Walking at a quicker pace serves more than just a means of transportation; it can also enhance your cardiovascular fitness and help you keep stride with others more easily.
You can seamlessly increase your walking speed with a few adjustments in posture, stride, and arm movement.
1. Prioritize Posture
Altering your posture can significantly impact your speed while walking.
Stand tall, ensuring your chin is parallel to the ground and your gaze is directed forward.
Visualize a string extending from the crown of your head, gently pulling your upper body upright from your hips.
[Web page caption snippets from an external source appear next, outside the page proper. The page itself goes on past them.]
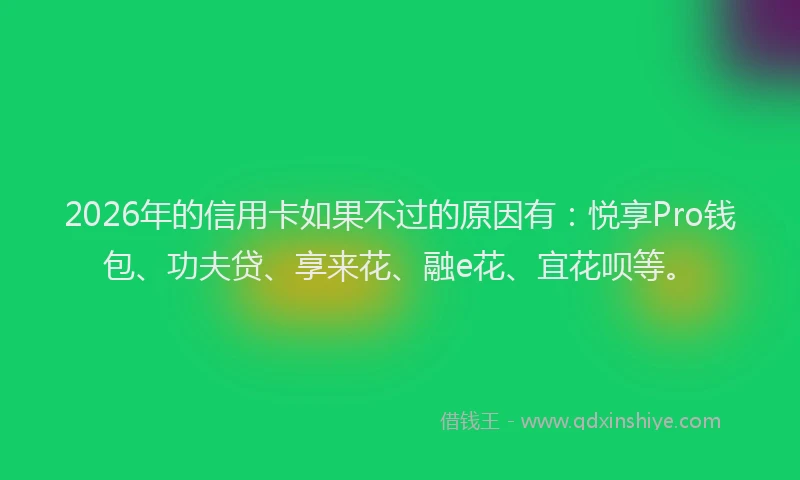 2026年的信用卡如果不过的原因有：悦享Pro钱包、功夫贷、享来花、融e花、宜花呗等。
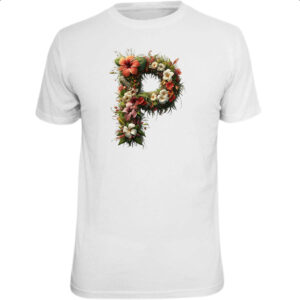 Camiseta Unissex Alfabeto Floral Letra P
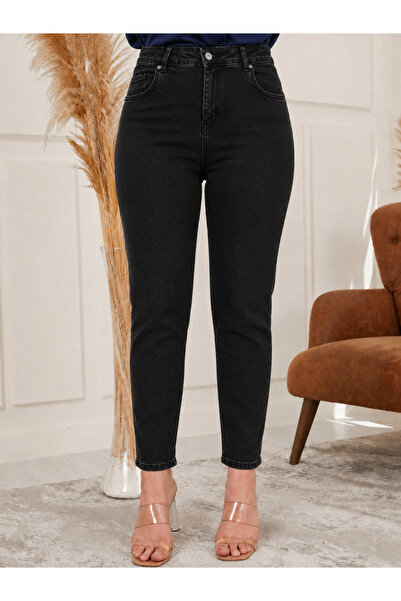 sion jeans بنطلون جينز نسائي أسود من Black Julia Milano Boyfriend مريح للارتد...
This alignment fosters a better style for swift walking.
2. Master the Step Motion
An effective walking technique entails striking with the heel of your leading foot, rolling through the step, and pushing off with your toes.
This method allows a quicker transition from one step to the next.
If your footwear lacks flexibility, you might end up landing flat-footed, hindering that smooth roll.
Opt for athletic shoes designed for walking that offer necessary sole flexibility for an effective stride.
3. Adjust Your Stride Length
A common error when attempting to increase walking speed is overextending the stride.
Many people think sticking their foot out further will help, when in fact, it does not.
Instead, position your foot naturally in front of your body and focus on generating a solid push-off with your back foot.
This approach results in a more dynamic and rapid stride.
4. Accelerate Your Arm Movement
Your arms play a crucial role in amplifying your walking speed.
It does not require dramatic movements; it should feel intuitive as you develop your arm motion technique.
Here’s how to get it right:
– Bend your elbows and keep them close to your body.
– Allow your arms to swing in opposition to your legs, maintaining synchronization with your steps (when the left leg moves back, the left arm swings forward).
– Ensure that each arm swing stays below your breastbone and does not cross your centerline.
Once accustomed to using your arms, concentrate on quickening your arm movements instead of rushing your feet to enhance your pace.
5. Implement Interval Walking Workouts
Incorporate spurts of rapid walking into your usual walks or treadmill sessions:
– Start with a gentle pace for a few minutes to warm up.
– Increase to a moderate pace for at least five minutes.
– Engage in one minute of your fastest possible walking.
– Return to a moderate pace for three to five minutes.
– Walk fast again for another minute.
– Repeat those bursts several times.
– Finish with a cool-down walk at a relaxed pace for a few minutes.
With these straightforward strategies, expect to notice a noticeable improvement in your walking speed during regular outings.
Enjoy the many health benefits that brisk walking brings to your fitness journey.